**Material shown:**

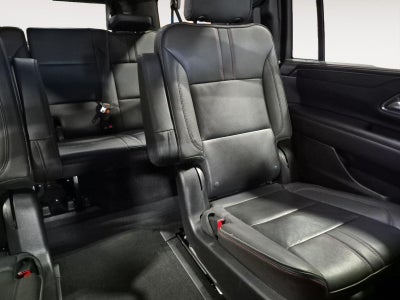 2022 Chevrolet Suburban 4WD RST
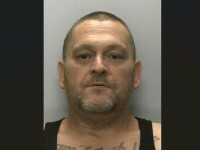 Un bărbat a locuit timp de doi ani cu cadavrul fostei sale partenere acoperit cu o pătură într-o sufragerie din UK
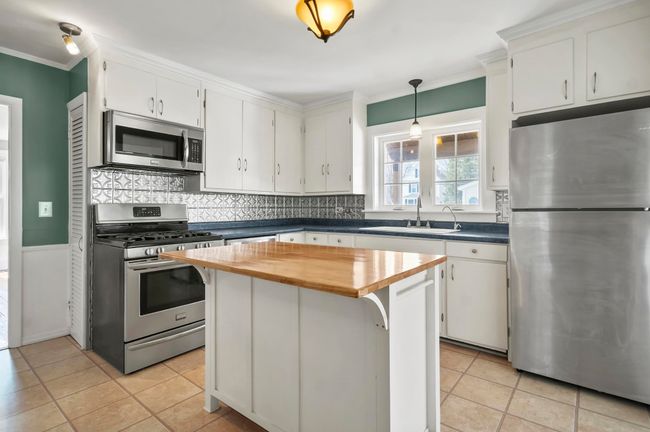 6 Rockingham St, House other with 3 bedrooms, 2 bathrooms and null parking in Exeter NH | Image 12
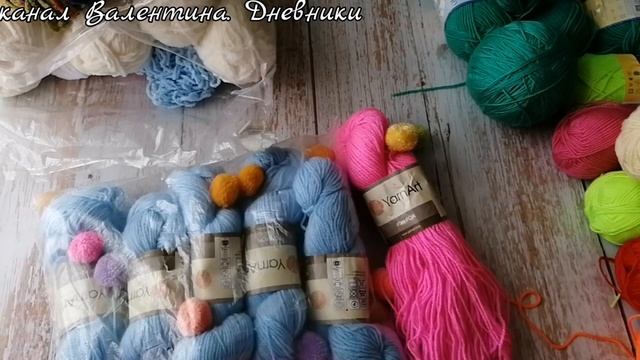 360 Выбираю нужную пряжу для вязания детской кофточки. Из какой начать вязать не решила.Болталочка смотреть онлайн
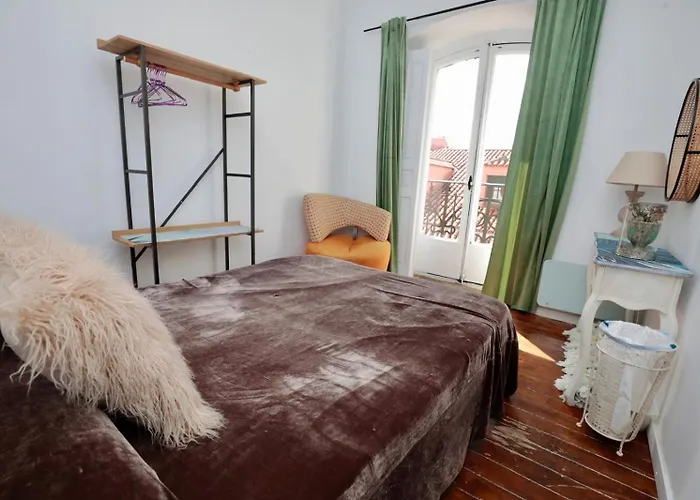 Theplacetobe B&B Valladolid, España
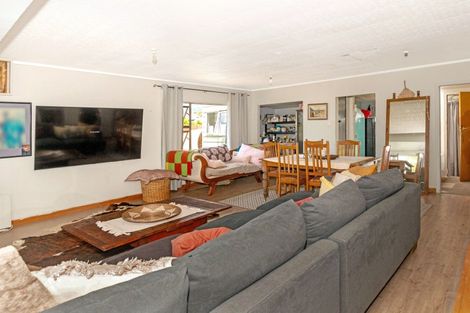 Photo of property in 4 Hinekura Road, Tolaga Bay, 4077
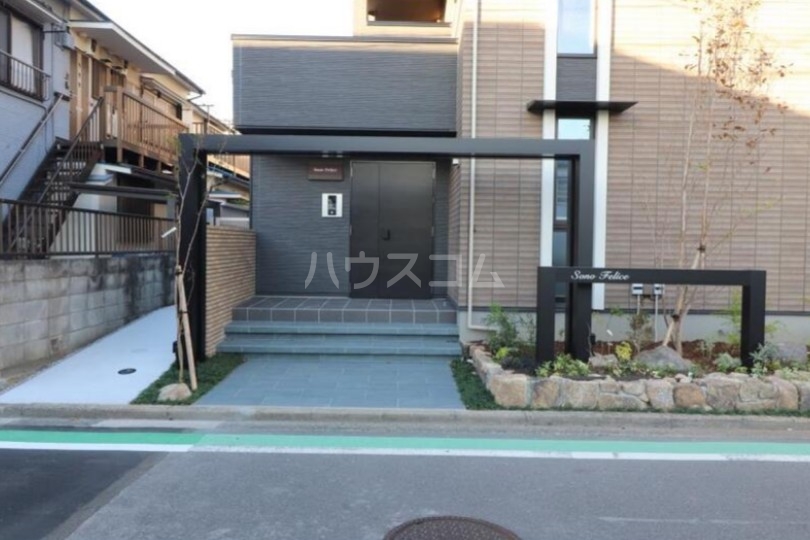 3/6 エントランス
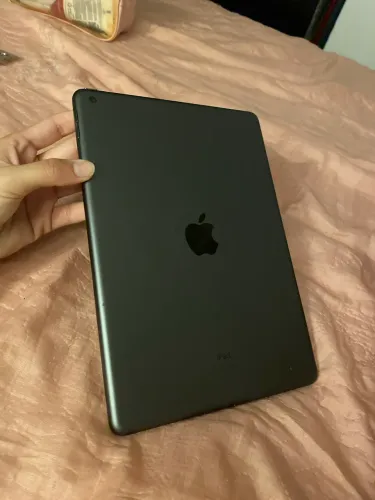 IPad 8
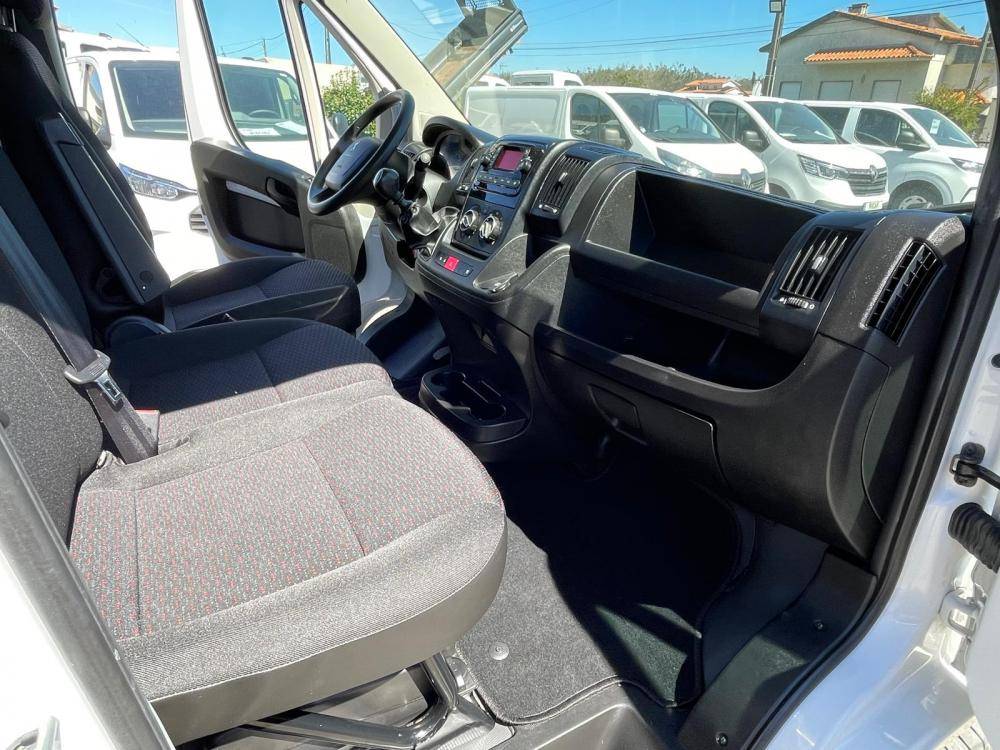 peugeot-boxer-2023-diesel-2179cc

**Task objective:** Starting at the line that contains "Theplacetobe B&B Valladolid, España", restate every line through the end of the records exactly as written, but leave the pictures out.

**Answer for this exercise:**
 Theplacetobe B&B Valladolid, España
 Photo of property in 4 Hinekura Road, Tolaga Bay, 4077
 3/6 エントランス
 IPad 8
 peugeot-boxer-2023-diesel-2179cc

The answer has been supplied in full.